CMC is a software package providing data compression techniques based on methods of the field of adaptive mesh refinement (AMR).
It is especially suited for geo-spatial data originating for example from Earth System Model (ESM) simulations.
CMC can be used either as a post-processing tool in order to read and compress data from binary or netCDF files or it can be directly linked to simulation codes in order to perform an online compression - either in a lossy or lossless fashion.
CMC relies on functionality featured in C++20, therefore, a C++ compiler supporting this standard is needed, e.g. GCC version 11 or newer.

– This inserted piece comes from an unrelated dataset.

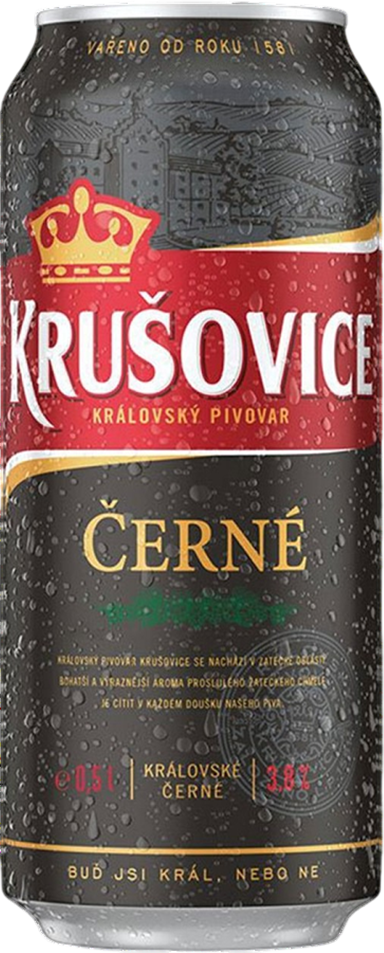 Krusovice Dunkel 3.8% - lattina da 50 cl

CMC uses t8code as its underlying AMR engine, which allows for broad variety of applications, since t8code provides a highly parallel and scalable AMR implementation of various element types. Like t8code, cmc utilizes MPI for parallelization and although t8code works in a serial configuration (without MPI) as well, cmc restricts itself to the parallel usage of t8code. Therefore, if cmc is configured with t8code, it should also be configured with MPI. Moreover, cmc may be linked with netCDF in order to read input data from netCDF files for compression. Additionally, a netCDF writer and reader is provided to store the compressed data in a custom netCDF format and read it therefrom for decompression, respectively.
It is encouraged to configure cmc with MPI and t8code linkage. However, all dependencies are optional. In order to quickly check, whether the compression approaches are suitable for the data at hand, a quick configuration without any dependencies may work to test the (serial) compression of data provided in multi-dimensional arrays.
CMC relies on CMake to configure and build the software. An autotools build process is currently not supported.
A short CMake setup will be described in the following.
CMC needs to be donwloaded, e.g.:
git clone https://github.com/DLR-AMR/cmc.git
It is recommended to create an out-of-source build-directory, e.g.:
mkdir cmc_build && cd cmc_build
With cmake -LH ../cmc all possible configuration options can be displayed with their default values.
A sample of the configuration options reads:
| Option | Default Value |
|---|---|
| CMC_WITH_T8CODE | ON |
| CMC_WITH_NETCDF | ON |
| CMC_ENABLE_MPI | ON |
| CMC_ENABLE_ALL_WARNINGS | OFF |
Additional <lib>_DIR, <lib>_ROOT or <lib>_ROOT_DIR might help CMake to find the correct dependencies.
A configuration with t8code and MPI may look similar to
CC=mpicc CXX=mpicxx cmake -DCMAKE_BUILD_TYPE=Release -DCMC_ENABLE_MPI=ON -DCMC_WITH_T8CODE=ON -DT8CODE_DIR:PATH=<t8code_install_directory>/cmake -DP4EST_DIR:PATH=<t8code_install_directory>/cmake -DSC_DIR:PATH=<t8code_install_directory>/cmake -DCMC_WITH_NETCDF=OFF -DCMAKE_INSTALL_PREFIX=<cmc_install_directory> ../cmc
In order to quickly test the patch-based compression approaches, the configuration may look like:
cmake -DCMAKE_BUILD_TYPE=Release -DCMC_WITH_T8CODE=OFF -DCMC_ENABLE_MPI=OFF -DCMC_WITH_NETCDF=OFF ../cmc
After the configuration the available options are summarized and displayed.
In order to build cmc with CMake
cmake --build .
might be called, and optionally it might be installed by
cmake --install .
The software provides some example use cases in the example-directory.
In order to getting started quickly and test the compression approaches on multi-dimensional arrays, there are some CLI applications in the workflows-directory that perform the patch-based compression variations working without any of the above dependencies (i.e. t8code, MPI and netCDF).
The example usage and the required arguments of the predefined workflows are displayed by the help messages of the compression approaches, e.g. ./workflows/patch/cmc_lossless_prefix_extraction_compression -h.
The usage of the corresponding decompression scheme is given by ./workflows/patch/cmc_lossless_decompression -h as well.